These ultra-low latency, scalable requirements might sound like a tough nut for any cloud to crack, but Nasdaq thinks it can get similar or even improved latency and performance with all the scalability it needs by blending a strategy based on AWS Outposts, which are basically AWS-managed datacenters localized with existing infrastructure. In Nasdaq’s case, the AWS Outpost will connect directly to Nasdaq’s central datacenter in New Jersey, creating the first ever capital markets private local zone.

“We have spent the last two years working with AWS to pioneer ultra-low-latency edge compute systems designed specifically for capital markets. Leveraging AWS Outposts, we can bring the edge directly into our primary datacenter,” Friedman says.
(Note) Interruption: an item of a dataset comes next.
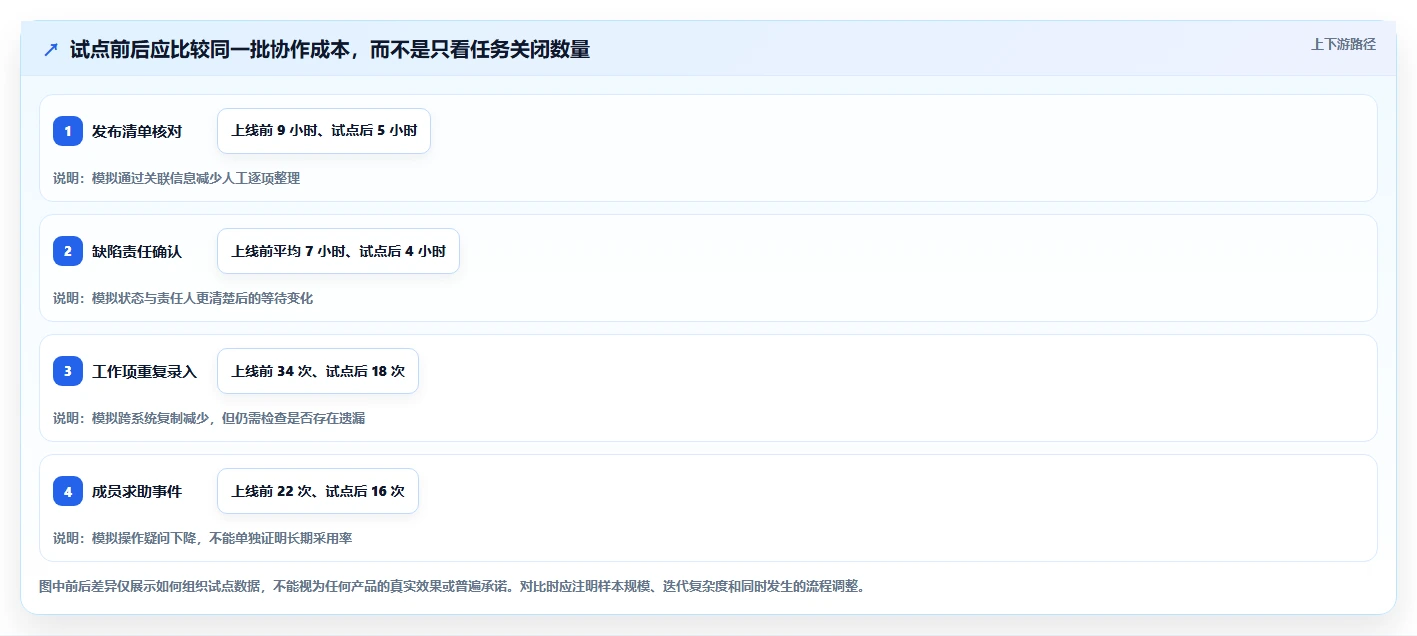 研发团队福音：最新7款jira项目管理系统工具盘点与实战体验
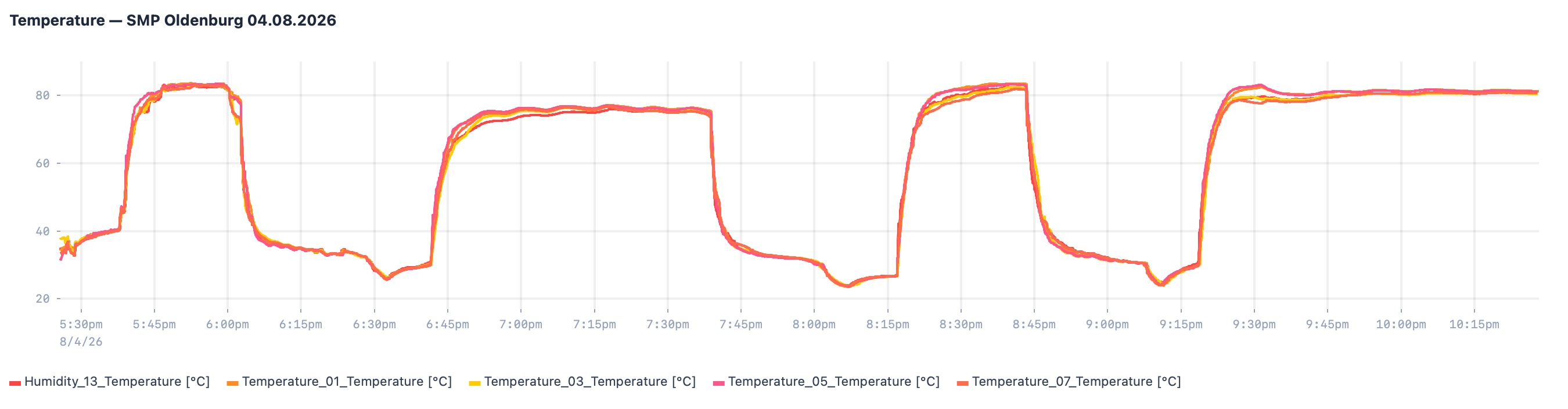 Live temperature curves from a real production shift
What this is leading toward will represent another first, and a sign that the public cloud can not just compete with on-prem, large-scale systems, but possibly exceed them. The real value though is scalability, especially with sharp spikes in demand.

Friedman says that the last several years for market services on the cloud have been based on data distribution, market operation, revenue management, and regulatory systems. But the last element that is also key to functional markets is getting the matching engine piece down. In short, this is the technology that turns an order into a trade.

Nasdaq will be looking to AWS to handle matching engine demands, starting first with US auctions markets. This is a big deal since the financial giant is already the largest marketplace for multi-listed options in the US. Beginning in 2022, Nasdaq will bring the first US options market to bear, all on AWS, and then follow up with more markets as the regulatory and other hurdles are crossed.

Friedman adds the goal is to create a cloud center within the Nasdaq footprint to allow for a transition into the cloud for now, but they are setting the stage for something more widely-encompassing and beyond just Nasdaq.

“We are already engaged to deploy cloud-based trading and clearing, and as we consider the largest and most complex exchange clients with similar latency and scale needs, the steps we take with our own will standardize the market for them as we transform the backbone of the economy.”